Статьи Ю. В. Томашевского, в которых рассматриваются конкретные сюжеты, связанные с творчеством Зощенко, будь то психологическая реконструкция того, как возникло посвящение М. Горькому на “Голубой книге”, или попытка охарактеризовать так и не осуществленные “Записки бывшего офицера”, хотя бы потому вызывают интерес, что вопросы эти затронуты впервые. Что же до монтажа документов “Писатель с перепуганной душой — это уже потеря квалификации”, посвященного жизни Зощенко в период гонений и опалы, то вышел он не только на полгода раньше аналогичной подборки “Случай Зощенко”, подготовленной Б. Сарновым и Е. Чуковской, он и обстоятельней, и — да простится столь ненаучное определение — прочувствованней. Дополненный новыми материалами, монтаж вошел в пятитомник Зощенко и по сей день достоин внимания, как и статья о взаимоотношениях Зощенко и журнала “Крокодил”. Все названные вещи представлены в сборнике.
И что же? Поражение или победа? И то, и другое. Военные знают: бой не выигрывают без потерь. Остались книги Зощенко, осталась хронология его жизни и творчества, которая будет дорабатываться, но которую кто-то ведь должен был подготовить, остались три сборника воспоминаний о писателе, сборник публикаций и статей “Лицо и маска Михаила Зощенко”, что не появились бы без стараний Ю. В. Томашевского. А о том, сколь ему обязаны и отечественные, и зарубежные исследователи, стоит ли и говорить! Кто интересуется вопросом, пусть обратится к постскриптуму, коим дополнила переиздание монографии “Поэтика Михаила Зощенко” М. О. Чудакова, где упоминаются и Ю. В. Томашевский, и другой светлый доброжелатель — покойный Л. А. Шубин.

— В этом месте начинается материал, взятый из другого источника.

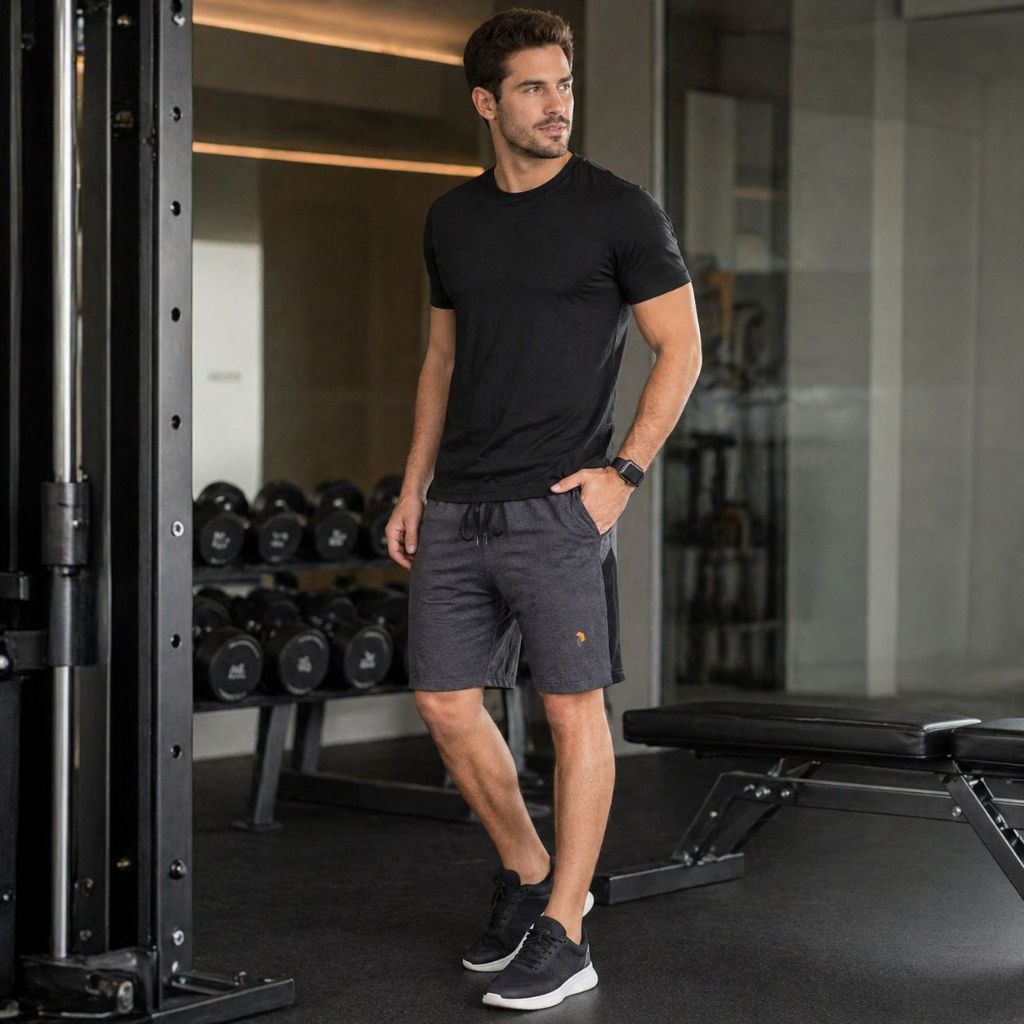 Short Masculino Dry Fit Academia Premium Leve Respirável Treino Corrida Confortável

Впрочем, нельзя умолчать, что был еще писатель, которого Ю. В. Томашевский вынес на своих плечах из-под критического огня, которому всячески помогал при жизни и о чьей памяти ратовал после его смерти, — Константин Воробьев.

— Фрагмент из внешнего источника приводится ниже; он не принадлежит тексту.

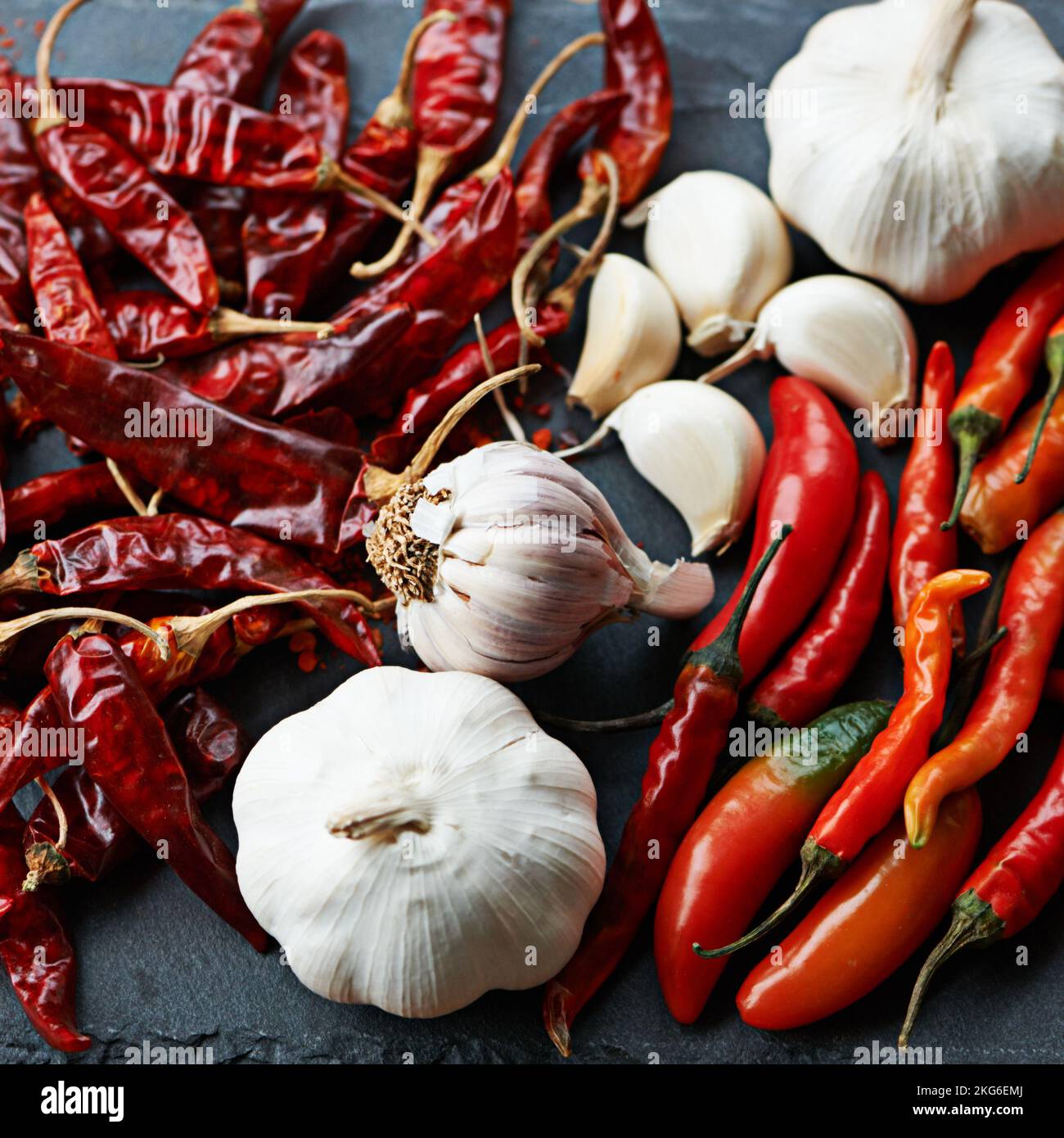 Take your cooking to the next level. dried and fresh chillies with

Оставим без ответа вопрос, какова научная либо культурная ценность этого сборника, в конце концов, научная значимость — вещь переменная. Но пусть эта книга станет памятником человеку, обладавшему столь бесценными — и абсолютными — качествами как порядочность и честность. Даже если честность его была слегка прямолинейной. Павшим воинам сооружают памятники. Иногда это кенотаф.
Марина Краснова.
КНИЖНАЯ ПОЛКА ВИКТОРА КУЛЛЭ
+9
Густав Шпет. Мысль и Слово. Избранные труды; Густав Шпет: жизнь в письмах. Эпистолярное наследие. Ответственный редактор-составитель Т. Г. Щедрина. М., “Российская политическая энциклопедия” (РОССПЭН), 2005, 688 стр. и 720 стр. (“Российские Пропилеи”).

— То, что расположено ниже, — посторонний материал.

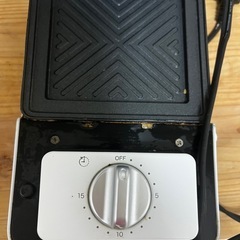 ニトリホットサンドメーカーの画像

С этих двух увесистых томов в “Российских Пропилеях” начинает выходить первое научное собрание сочинений Густава Густавовича Шпета. Сколькими томами оно будет продолжено — вероятно, пока затруднятся сказать и сами составители. То, что гигантский труд по составлению, комментированию и археографической работе с рукописями взяла на себя Т. Г. Щедрина, автор фундаментального исследования “„Я пишу как эхо другого…”. Очерки интеллектуальной биографии Густава Шпета” (М., “Прогресс-Традиция”, 2004), уже вызывает едва ли не безоговорочное доверие. Уникальность данного Собрания даже не в том, что разрозненные труднодоступные, а то и вовсе неопубликованные произведения философа окажутся сведенными воедино. Даже для читателя, давно творчеством и личностью Шпета заинтересованного, уже из двух этих томов очевидно, что знакомиться с мыслителем предстоит практически заново — на ином, требующем большей ответственности и дисциплины мысли уровне.